The bottom line is that we’ve spent a scientific century focusing on illnesses of the body with great success. Mortality rates for children have plummeted everywhere. Now it is their minds that are causing them problems - or worse. Mental health hits most people young - before 25. Suicide is the leading cause of death among young people in over 100 countries. Who knew? International organisations have spent a decade letting out a cry of alarm. Now we have to adapt medical systems and vastly scale up solutions to help humans face the sometimes terrifying plight of being alive in a difficult world at a difficult time. We have the tools and the know-how insist both Patel and Insel. Money is being spent. Therapies work. Implementation, access and awareness need attention. If you have young kids, read this book! I wish I had had it earlier.

If you think all this is terribly negative for a holiday Sunday, I urge you to read Bittersweet by Susain Cain, the author of Quiet (the mega best-seller that rehabilitated introverts “in a world that can’t stop talking“). She now argues that people are over-focused on happiness.

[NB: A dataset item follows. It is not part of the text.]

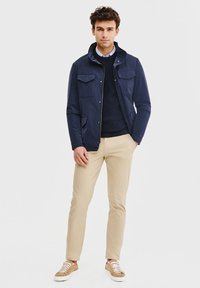 Granatowa kurtka z dwoma kieszeniami na piersi, z zamkiem błyskawicznym i zapięciem na napy, nałożona na granatowy sweter. Beżowe spodnie i brązowe sneakersy dopełniają całość.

Just see the sold-out courses on the subject at Harvard and Yale. Or the US Declaration of Independence aimed at “life, liberty and the pursuit of happiness.” So different across countries, and so profoundly anchored in their cultures. The French “liberté, egalité, fraternité” delivers an entirely different mission statement. You can feel the difference in the folk. Cain argues that every life is a mix of light and shadow and that you need to learn to embrace both sides. My husband has been trying to tell me this for some time.

Part of the mental health crisis is the pressure to appear OK, the difficulty (multiplied for men) to admit - and share - their wounded natures. And find someone to listen. Listening is a rare gift in our busy world and essential, says everyone I heard from this week, to healing. As Gary Greenberg writes in this weekend’s NYT, everyone is grieving. “We may need to be reminded that behind the outrage and blame is bereavement, that we may be entering a long age of grief and we have no one to console us for our losses or to build something new with, except one another.”

Here’s to building something new, with you.

And kids, I still love the phone calls!